(In Our Practice, Summer 2004)
By Cheri Huber
In the town where I grew up, Rodeo was the biggest event of the year, bigger than Easter, bigger than Christmas. People might not come home for Christmas or Mother’s Day or Father’s Day, but you could be sure they would be there for Rodeo. It was the best party of the year. It was many years before I began to wonder if this were possibly a less than conscious activity.
Maybe it was leaving Cow Town, USA (and blessedly never finding myself in that particular culture again), that left me without any real interest in holidays. They’re fun. They’re fine. People get off work and spend time with their loved ones. That’s good. But I never understood the fuss about holidays. Christmas is commercials with bad music. Thanksgiving is carnage. Fourth of July is sunburns and mosquitoes. Halloween I really don’t get. Sounds sort of bah humbug even to me, but my reaction is actually more neutral than that. It’s more that holidays just don’t put me in a party mood.

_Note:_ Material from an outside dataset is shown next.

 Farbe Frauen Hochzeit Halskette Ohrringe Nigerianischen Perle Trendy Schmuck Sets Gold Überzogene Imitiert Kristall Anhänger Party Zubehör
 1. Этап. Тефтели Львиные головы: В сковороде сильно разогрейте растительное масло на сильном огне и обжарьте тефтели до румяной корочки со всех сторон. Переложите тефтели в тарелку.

After saying goodbye to Rodeo, I didn’t appreciate a holiday until Precepts. Precepts! Now, that’s a party!
Now, what do you need for a great party? You need good food, some drinks, and a great location. And, of course you need great people. There you have it. Oh, and a theme is good. How about “committing to ending suffering and living a life of freedom and joy”?
Voila! It’s a party. We gather, we talk, we get to know one another, we open our hearts, we allow ourselves to be vulnerable, we receive acceptance, care, and support, we feel our resolve strengthen, we gather courage and confidence to face the most challenging aspects of life, we let go the past and begin a new relationship with life.

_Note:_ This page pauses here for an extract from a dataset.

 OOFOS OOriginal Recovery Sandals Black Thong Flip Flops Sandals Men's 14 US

Finally something has replaced Rodeo in my heart. I start getting excited about now. I’m finding out who is coming to the retreat. We’re making plans. We’re gathering supplies. And then people start to arrive. There she is… there he is… Oh, yea! By the end of the week, when the ceremonies begin, we have a bunch of pretty ecstatic Buddhists.
I can hear someone wondering, “But, to take the Precepts, don’t you have to make some huge, probably impossible, vow that is probably going to ruin the rest of your life?” “Don’t you have to prepare and improve and beat yourself into a state of worthiness first?” “Don’t you have to sacrifice most of what you want in life?”
I know that’s a common perception, and it is absolutely not my experience. For me the Precepts are “home.” The Precepts are family, safety, my refuge, my comfort. The Precepts connect me to everyone who has ever attempted to wake up and end suffering. And, they help me remember that there is no one who is not attempting to wake up and end suffering.
Yep. It’s a party, and the best part is that everyone is invited. Hope to see you there one of these days.